The results of the report reveal that 87 percent of respondents believe that digital sustainability will deliver a competitive advantage for business and 87 percent are also seeking strategic partners to deliver on their digital sustainability agendas.

Michele Lemmens, head of business sustainability and CTO at TCS Asia Pacific told Digital Nation Australia that the DSI is designed to be used as a guide for a “sustainably-led digital transformation”.

Michele Lemmens, head of business sustainability
and CTO, TCS Asia Pacific

“Future-focused leaders see sustainability beyond compliance or risk-based exercise and instead fuse sustainability with their digital and business strategy to create a future-fit business. Sustainable development represents a significant business opportunity for those committed to rethink, reframe, and invest,” said Lemmens.

Leaders

The report reveals that Thailand and Vietnam are leading the Asia Pacific region when it comes to the adoption and deployment of digital sustainability tools. While Australia is not considered a market leader and lags when it comes to leadership on the issue, it is considered a strategic player.

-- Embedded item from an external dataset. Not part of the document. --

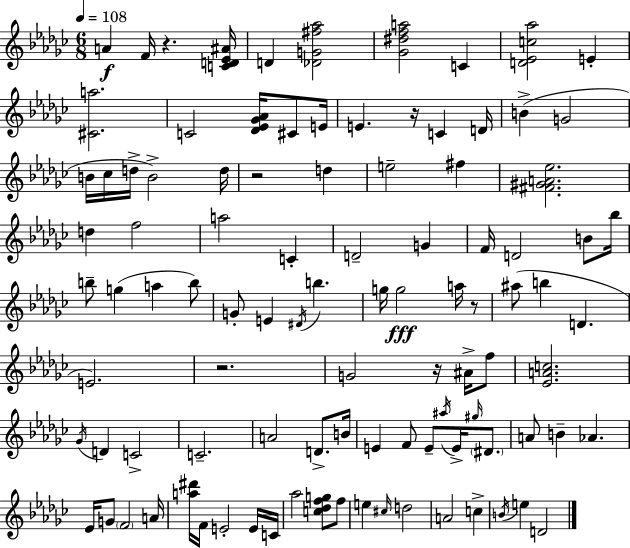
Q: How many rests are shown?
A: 6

“60 percent of respondents from Australia have been identified as strategic players. This means that companies here need to invest in partnership or governance capabilities to become digital sustainability leaders,” said Lemmens.

“Businesses are on the journey and making investments in enhancing their digital core, capabilities and establish partnerships, and these fundamental investments will begin to drive positive change.”

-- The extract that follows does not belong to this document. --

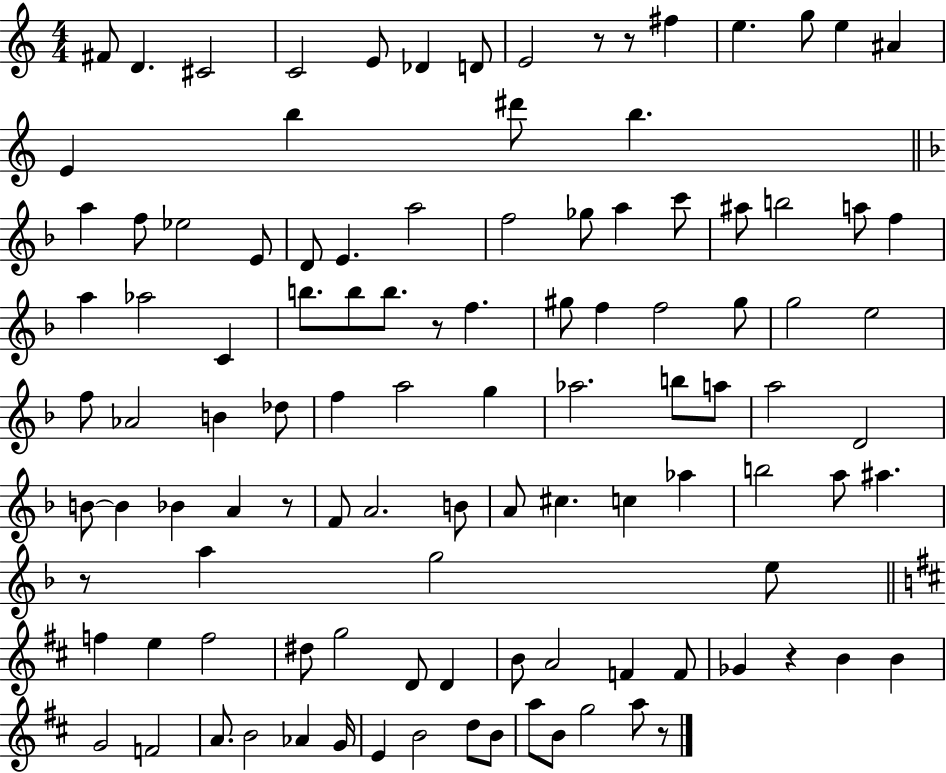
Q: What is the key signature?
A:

Oshri highlights the mining and construction industries, despite being large emitters, as leaders when it comes to driving sustainability, leveraging digital.

“We have learned that [mining and construction] have been addressing sustainability challenges for the last 15 years. There’s nothing new about that for them. But for a lot of the companies that we have spoken with, such as in the financial sector, they are only now reconstructing the business strategy around sustainability,” he said.

Laggards

Organisations like financial institutions that rely on massive data centres consuming energy from the grid are only now starting to consider their sustainability strategies, despite being large scope 3 emitters.

“There is the perception and there is also the reality. And I think that we are at the stage where all of us are curious to understand what is the gap between the two,” Oshri said. 

Oshri also names the public sector as a laggard in deploying digital sustainability tools.
“Public administration is lagging behind. And there hasn't been probably a lot of investment in digital sustainability so far.”

Business opportunity

The opportunity for business, according to Oshri, is to leverage the investments that have been made in digital transformation over the last five to seven years, and consider these tools as crucial enablers of their sustainability agendas.

“Why not leverage on that [digital transformation] and start understanding how much we emit, internally emit, and externally emit.

“All of that can be enabled by digital assets that we have built across the value chain.”